# What is being asked
Transcribe the listing verbatim. Do not carry over any pictures.

# Data
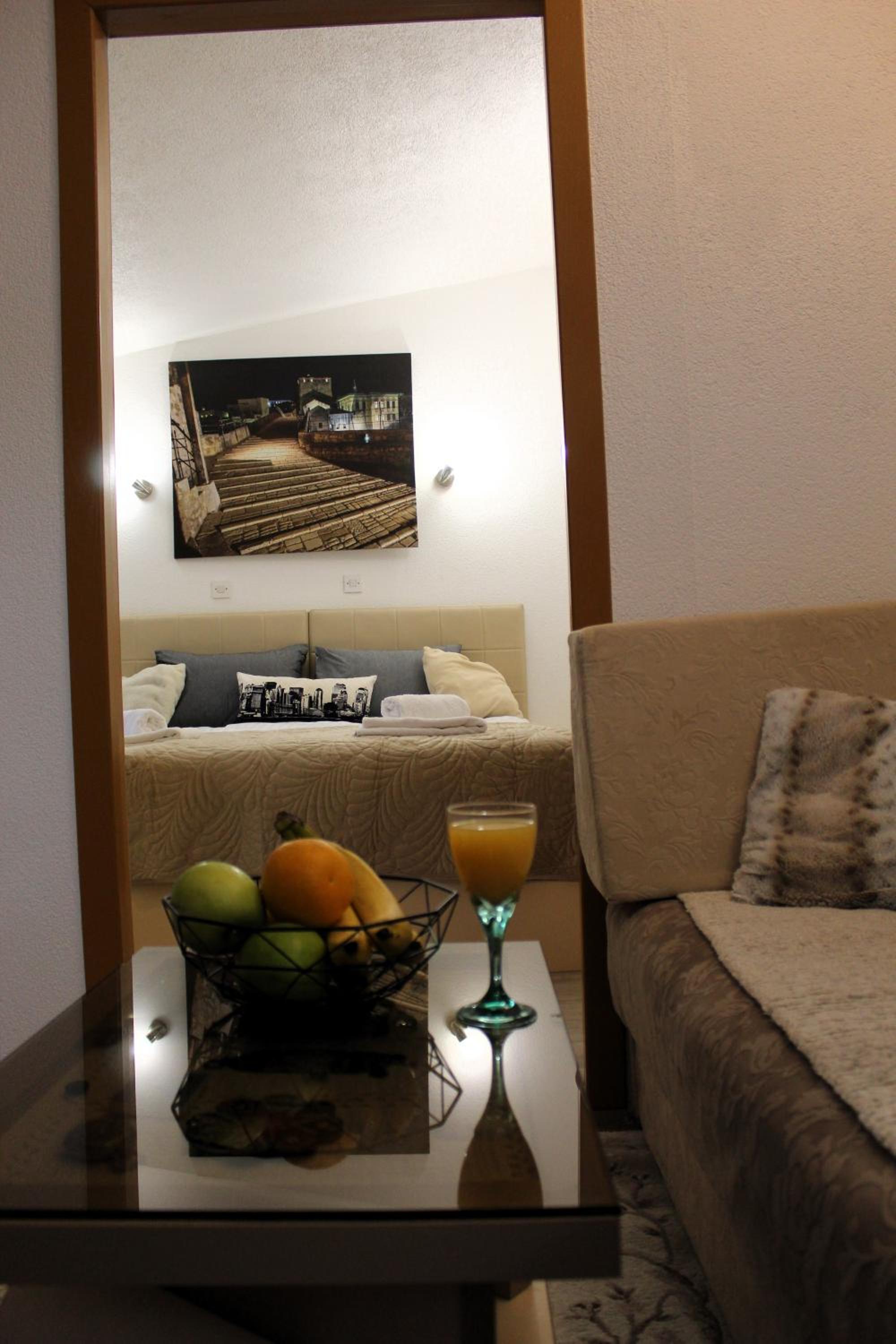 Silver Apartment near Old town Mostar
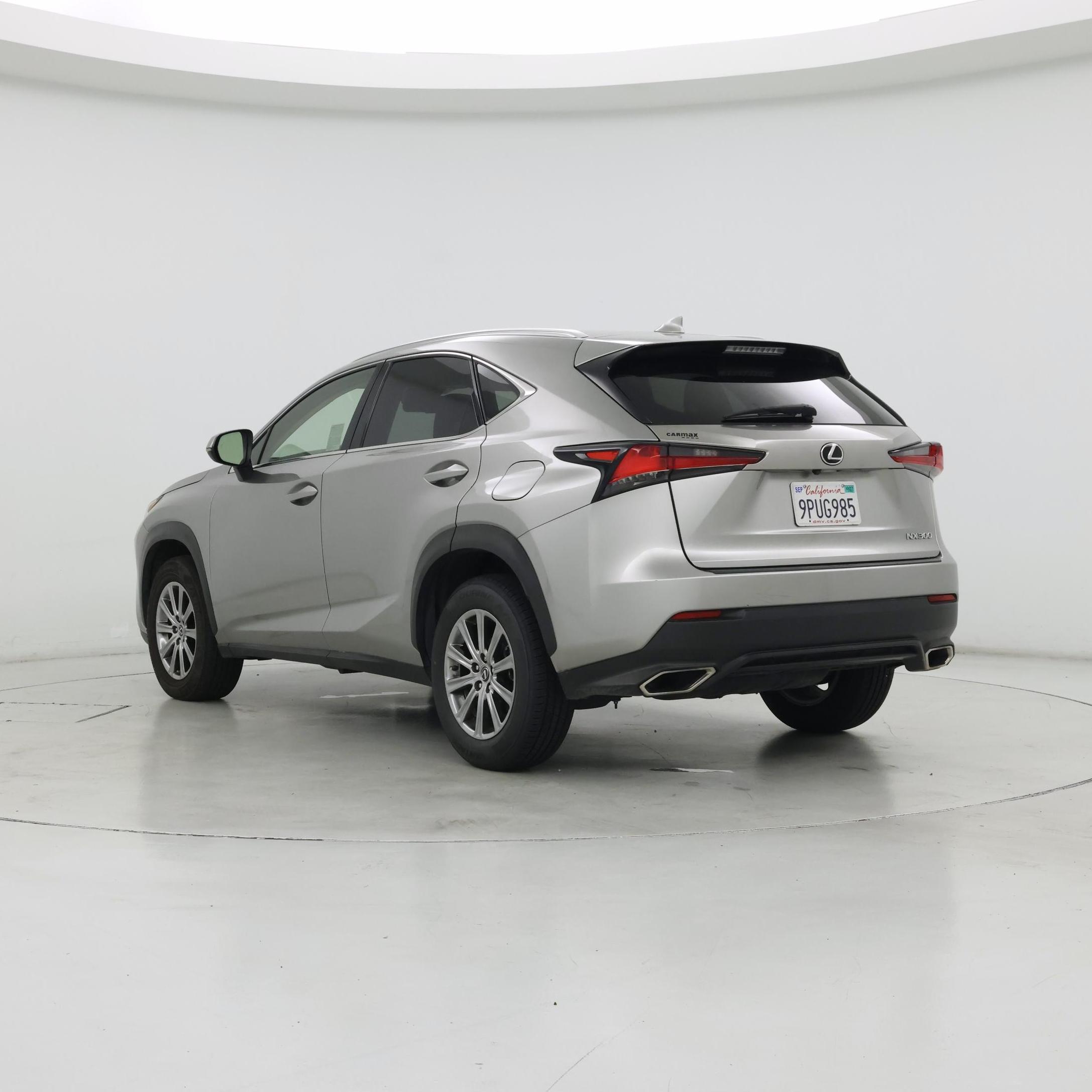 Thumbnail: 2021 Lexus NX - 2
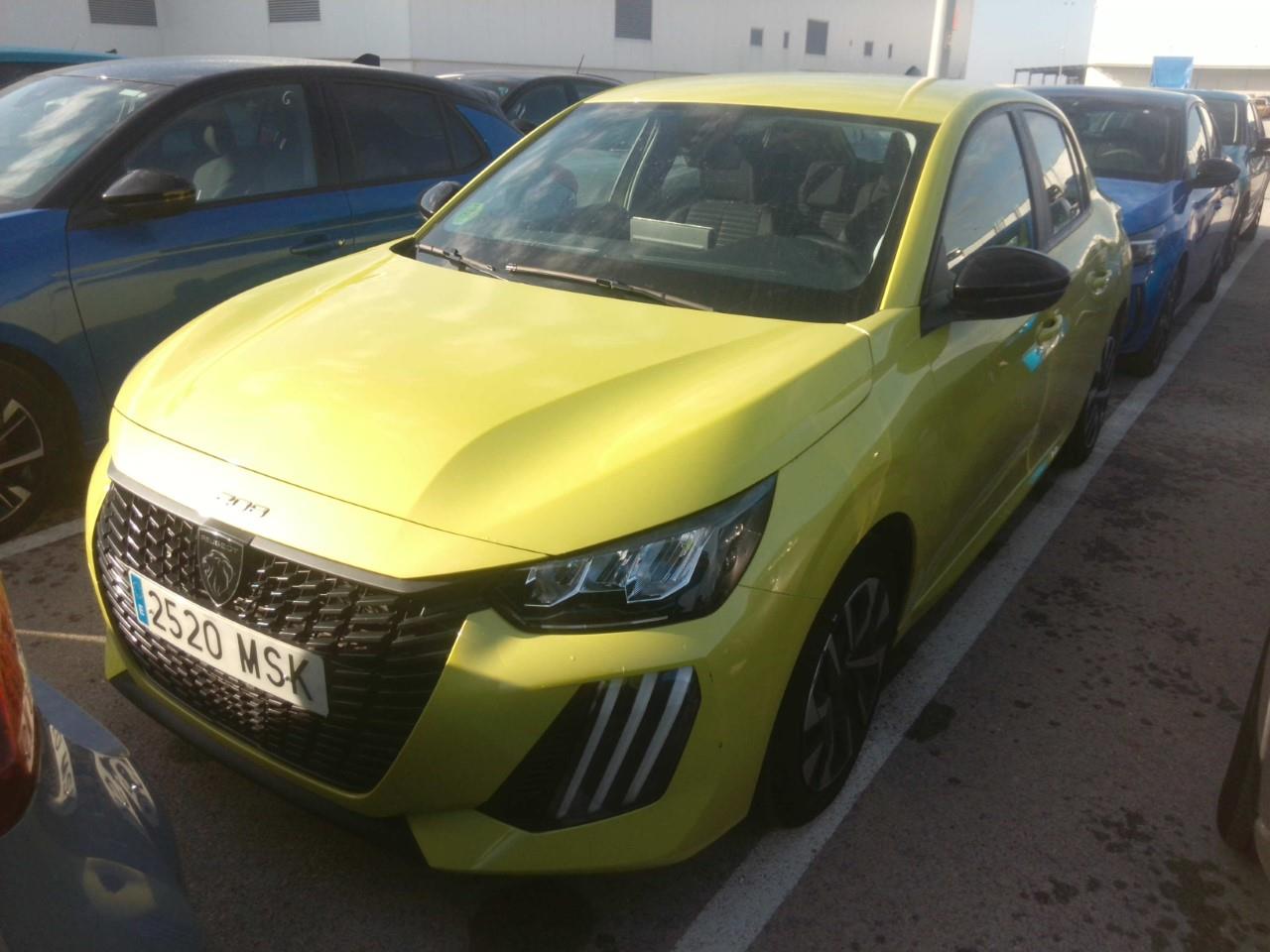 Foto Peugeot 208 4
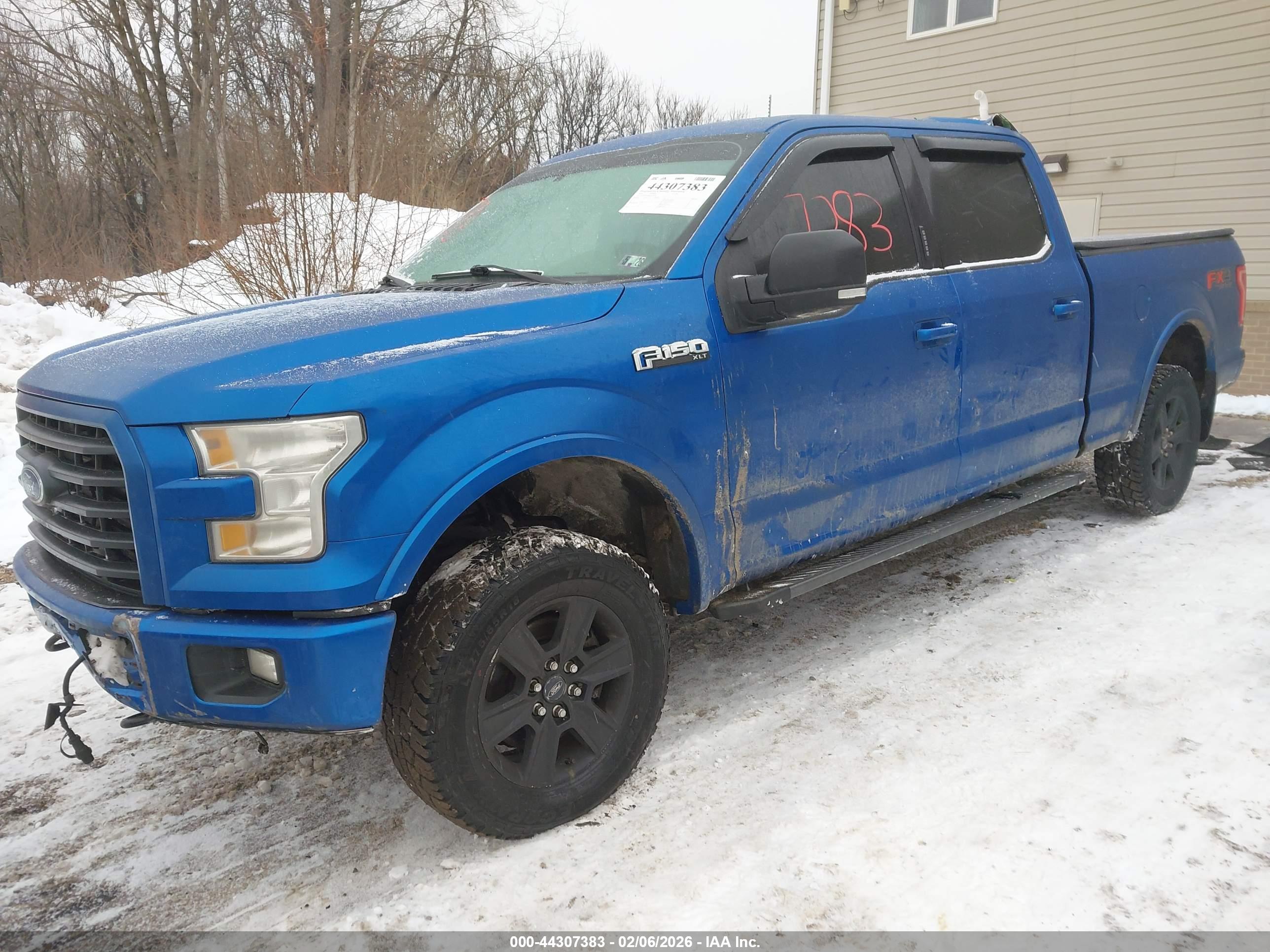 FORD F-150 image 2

# Exercise answer
 Silver Apartment near Old town Mostar
 Thumbnail: 2021 Lexus NX - 2
 Foto Peugeot 208 4
 FORD F-150 image 2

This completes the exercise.